Прошло еще добрых четверть часа, и мы, переодевшись, спустились в большую гостиную. Кое-кто из гостей нарядился в парадный национальный костюм: венгерку и шапку с султаном из перьев цапли. Весело поскрипывали сафьяновые сапожки, кичливо позвякивали сабли, таинственно шуршали шелковые юбки; правда, большинство дам находилось еще в комнате невесты.
Гостиная была обставлена просто, можно сказать — бедно. Папаша Кёниггрэц несколько раз пытался объяснить это.
— Я человек военный и потому люблю простоту. (Он самодовольно потирал руки.) Черт возьми, я обожаю простоту… Я так дорожу этой дрянной мебелью, как если бы это были мои солдаты. Супруга, конечно, охотно бы выбросила все это, но я не разрешаю. Не разрешаю, черт побери.
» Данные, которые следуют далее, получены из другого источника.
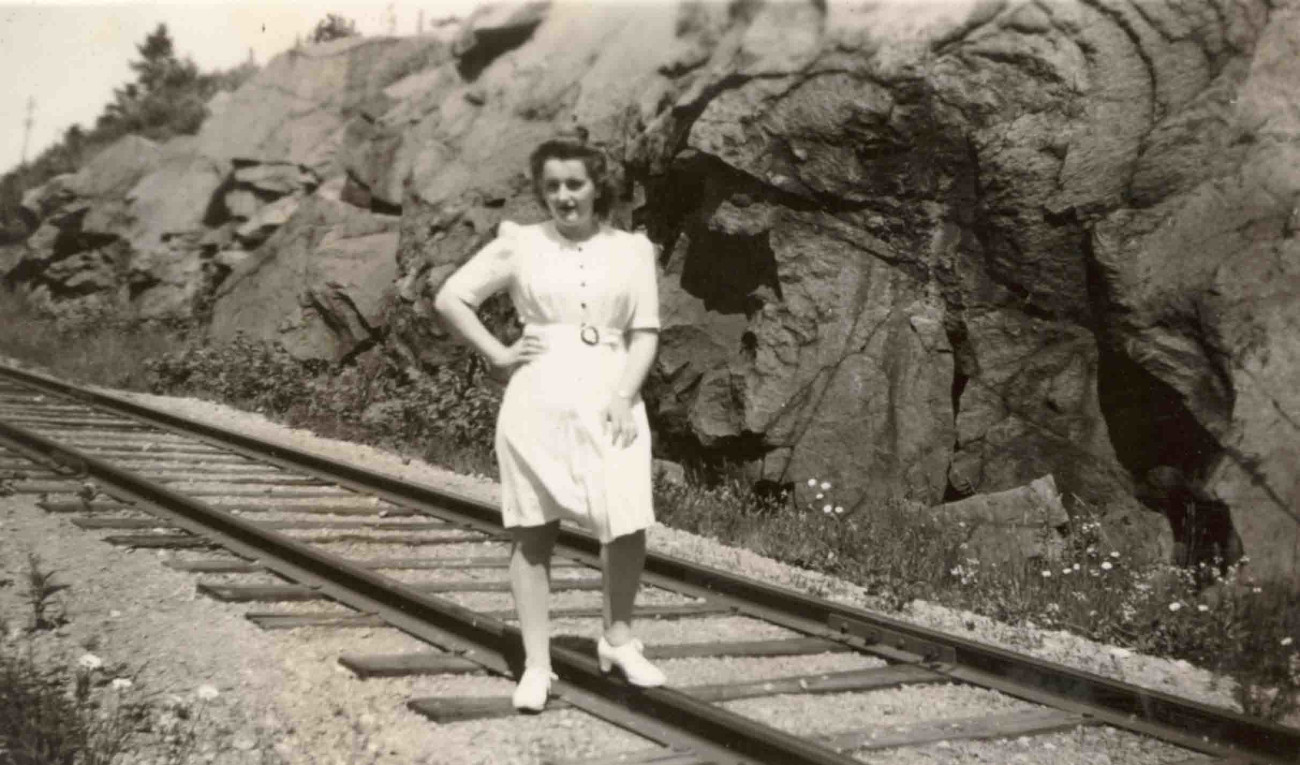 Hélène Brosseau sur la voie ferrée du CN derrière la maison d'Isaîe Brosseau en juillet 1944 - Collection Famille Brosseau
Ощущение беспредельной власти на мгновение почти опьянило папашу Кёниггрэца, и его широкое лицо с двойным подбородком надулось от сознания собственного достоинства, точно у испанского посла.
По стенам висели портреты известных генералов. О каждом из них он многое мог порассказать, удачно приправляя свои истории анекдотом, всю пикантность которого ему, впрочем, никогда не удавалось донести до слушателей. На самом интересном месте, когда как раз должно было последовать смешное, он сам разражался смехом и его начинал трясти такой астматический кашель, что приходилось обрывать рассказ.
Один из столиков был завален извещениями о смерти, присланными двором: гофмейстер рассылал их всем камергерам. Завсегдатаи сего дома уже знали слабость старого барина,-любившего пускать пыль в глаза этими извещениями, однако новые гости были поражены таким обилием карточек с черной рамкой, разложенных одна возле другой.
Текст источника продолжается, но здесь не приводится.